Lead Research Organisation: University of Cambridge
Department Name: Physics

Abstract

Elementary particle physics has an incredibly successful underlying theoretical framework known as the Standard Model which has produced a succession of successful predictions and subsequent discoveries in recent decades. This culminated in the discovery of the Higgs Boson in 2012, which was the last missing piece of the Standard Model. However, there are still a multitude of observed phenomena which the Standard Model cannot explain and the focus of this research is understanding the matter-antimatter asymmetry of the universe.

In the hot early universe matter and antimatter should have been created in equal amounts; this is the simple conversion of energy into matter via Einstein's famous equation, E=mc^2. Once the universe cooled the matter and antimatter would have "annihlated" to leave behind an abundance of electromagnetic radiation. This electromagnetic radiation we see today as the cosmic microwave background, the static seen on an untuned televsion. However, there is clearly an imbalance as we also see large amounts of matter, which make up the stars, galaxies and ourselves whilst no antimatter is left at all. We can understand some part of this as being due to charge-parity symmetry (that which relates matter to antimatter) being broken. In the intial stages of matter-antimatter creation charge-parity violation results in a small excess of matter, which goes on to make up the observable universe of today, after the majority annihilates with the antimatter to leave behind the electromagnetic radiation still echoing around the universe. The problem is that the amount of charge-parity violation predicted by the theoretical framework underlying our understanding of elementary particle physics is nowhere near enough (a factor several billion off) to account for the observed matter to electromagnetic radiation ratio of the universe.

This project uses data from the Large Hadron Collider to look for new fundamental physics particles which can help to explain the matter-antimatter discrepancy.
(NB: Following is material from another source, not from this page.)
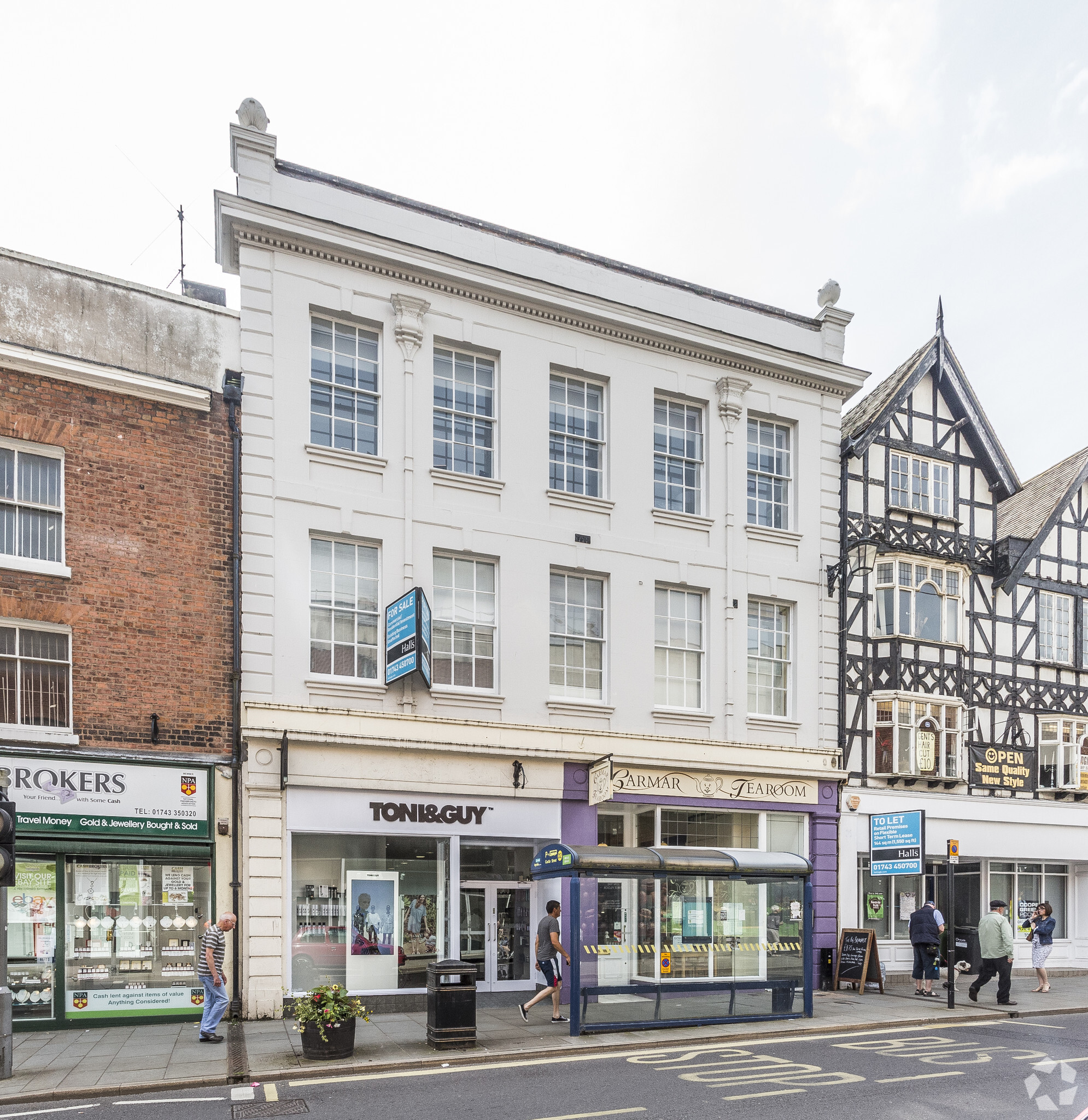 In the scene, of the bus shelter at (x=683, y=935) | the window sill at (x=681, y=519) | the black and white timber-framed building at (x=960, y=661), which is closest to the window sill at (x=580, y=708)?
the bus shelter at (x=683, y=935)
By analysing millions of matter and antimatter decays produced at the LHCb experiment we can observe the subtle differences between them. The parameters we determine in this project are of particular interest because they can be measured completely independently of any input from the theoretical framework, i.e. independently of any prior knowledge. We can then use these parameters to prove the existence, and predict the behaviour, of new fundamental physics particles which explain why we live in a matter dominated universe and hence why we have atoms, molecules and life itself.